## Task details
Retype exactly what appears below from the line containing "image:imageHudson Baby Girls" down to the line containing "Large Jute Bag", keeping both end lines. Do not include pictures.

## Available records
··········

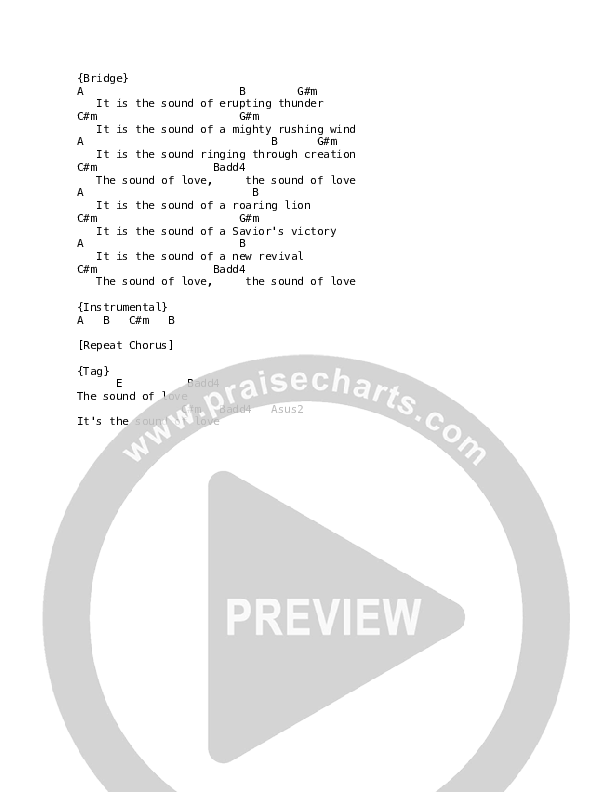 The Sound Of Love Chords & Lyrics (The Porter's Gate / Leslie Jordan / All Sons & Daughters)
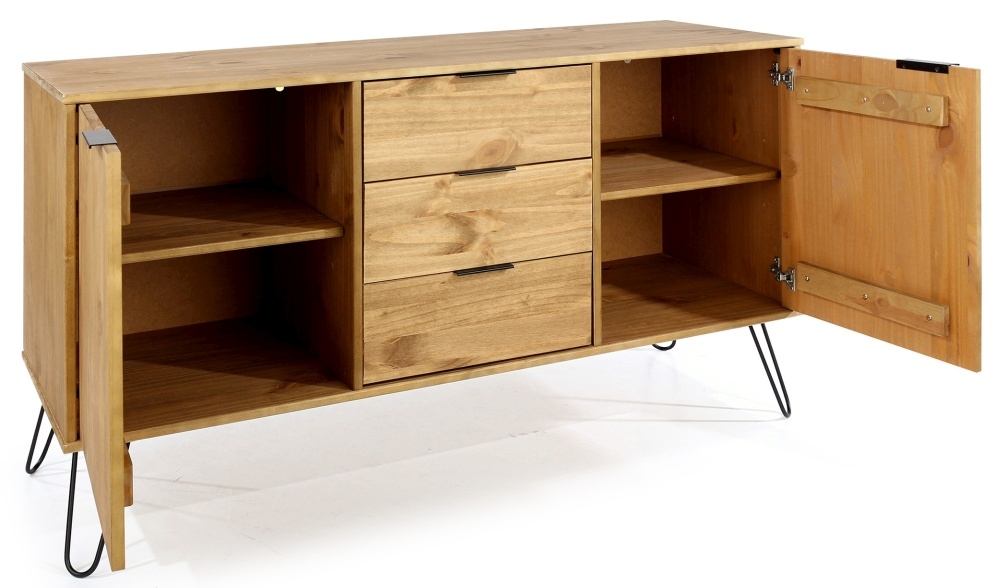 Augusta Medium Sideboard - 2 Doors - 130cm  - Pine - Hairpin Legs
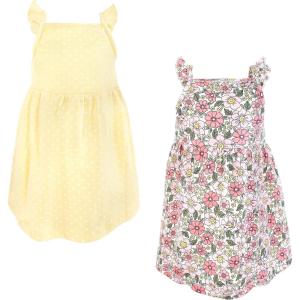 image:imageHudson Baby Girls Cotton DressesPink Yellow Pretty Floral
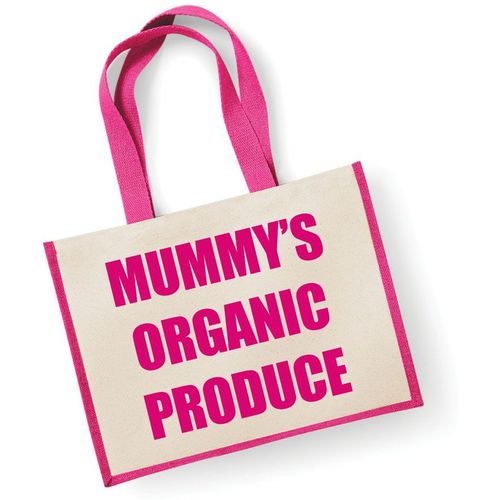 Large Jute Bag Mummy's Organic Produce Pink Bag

··········

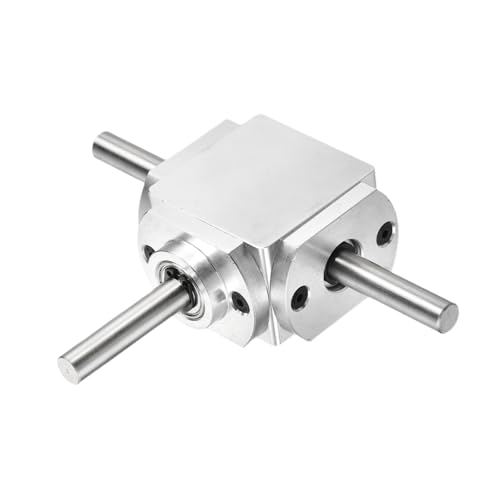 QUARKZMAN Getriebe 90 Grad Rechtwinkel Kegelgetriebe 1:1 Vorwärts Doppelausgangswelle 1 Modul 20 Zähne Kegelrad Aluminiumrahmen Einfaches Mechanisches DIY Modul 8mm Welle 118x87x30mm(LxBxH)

··········

## Output for this exercise
 image:imageHudson Baby Girls Cotton DressesPink Yellow Pretty Floral
 Large Jute Bag Mummy's Organic Produce Pink Bag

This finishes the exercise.